(Records from a dataset)
:::::

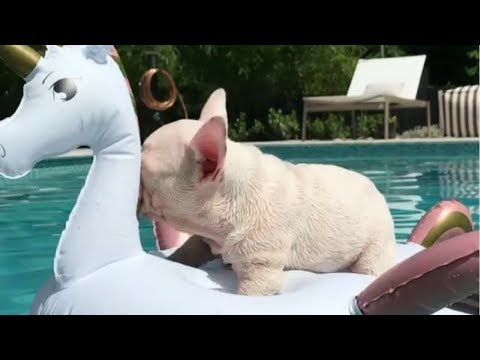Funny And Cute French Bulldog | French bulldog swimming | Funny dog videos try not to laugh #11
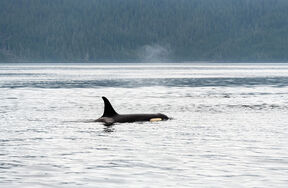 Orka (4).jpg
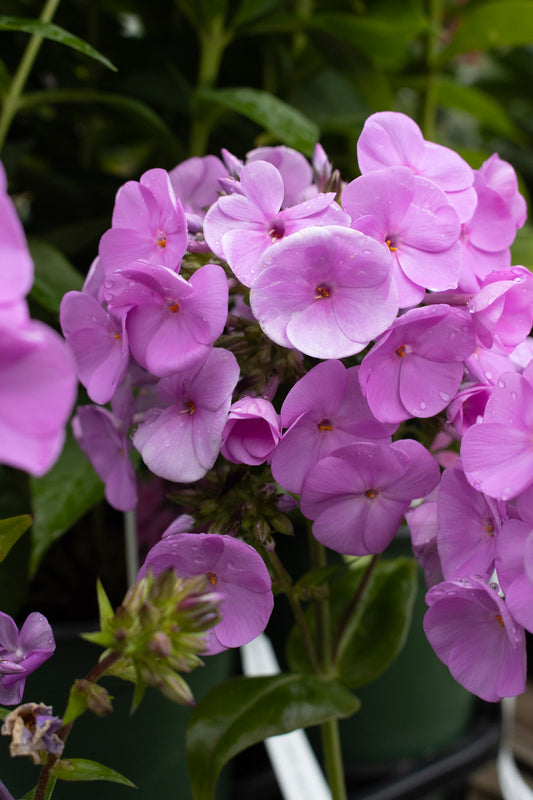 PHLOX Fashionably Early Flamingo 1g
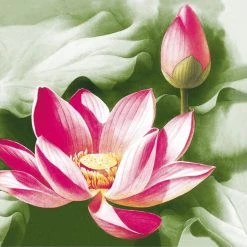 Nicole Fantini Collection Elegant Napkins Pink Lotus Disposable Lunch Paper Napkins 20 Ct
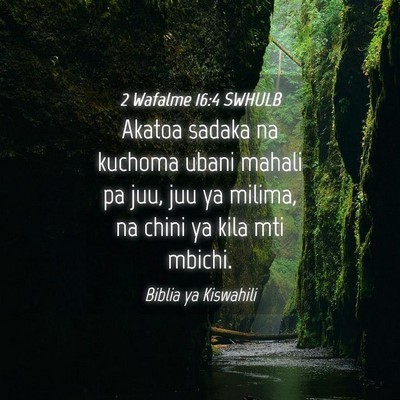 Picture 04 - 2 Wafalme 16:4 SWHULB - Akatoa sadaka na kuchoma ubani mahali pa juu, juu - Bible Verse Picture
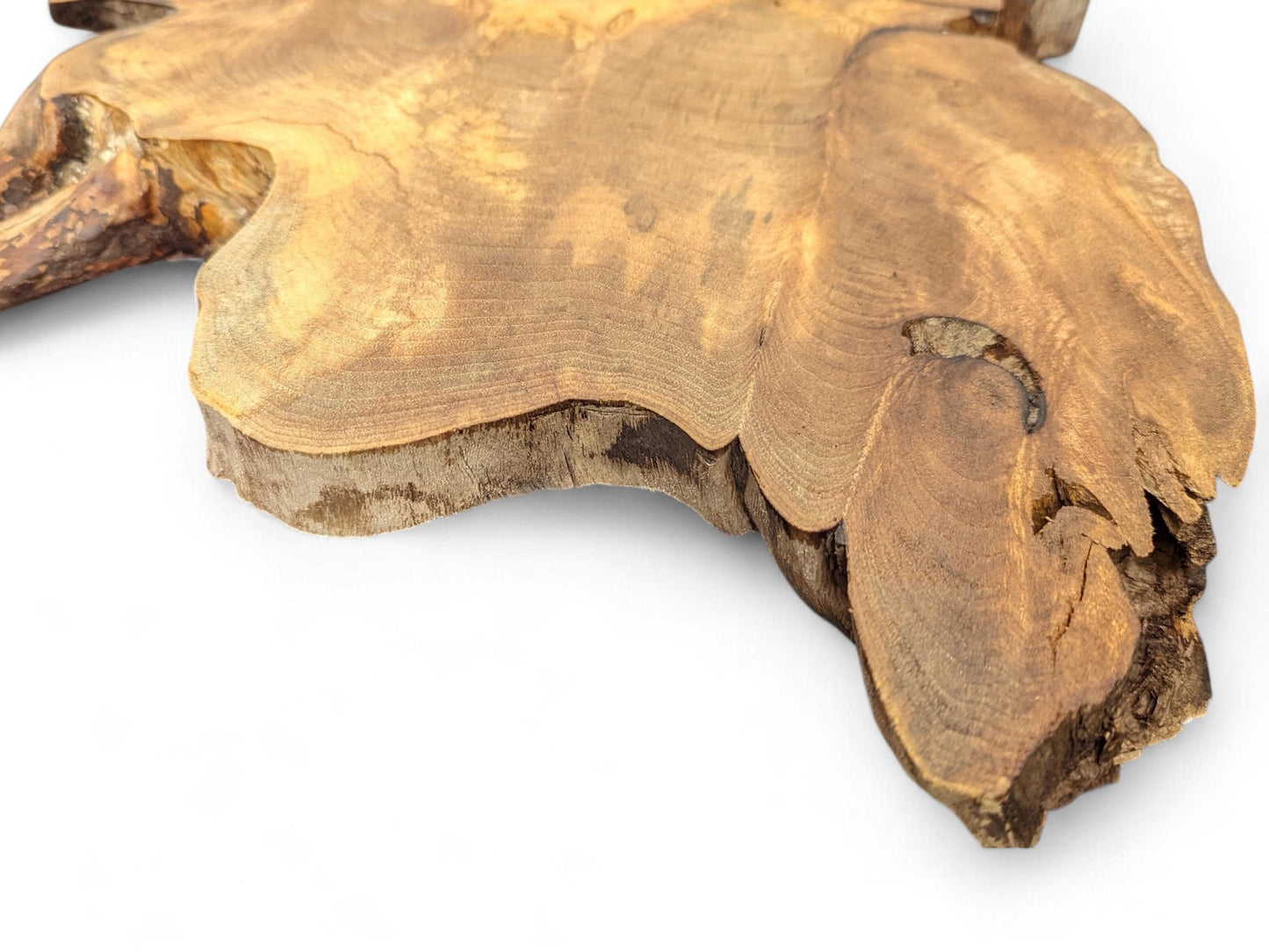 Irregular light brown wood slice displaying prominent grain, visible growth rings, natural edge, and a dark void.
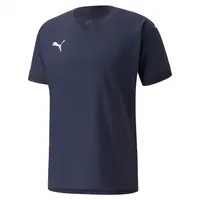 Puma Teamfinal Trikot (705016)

:::::

- _What is required_: Reproduce the data word for word without its images.

- _Task result_:
Funny And Cute French Bulldog | French bulldog swimming | Funny dog videos try not to laugh #11
 Orka (4).jpg
 PHLOX Fashionably Early Flamingo 1g
 Nicole Fantini Collection Elegant Napkins Pink Lotus Disposable Lunch Paper Napkins 20 Ct
 Picture 04 - 2 Wafalme 16:4 SWHULB - Akatoa sadaka na kuchoma ubani mahali pa juu, juu - Bible Verse Picture
 Irregular light brown wood slice displaying prominent grain, visible growth rings, natural edge, and a dark void.
 Puma Teamfinal Trikot (705016)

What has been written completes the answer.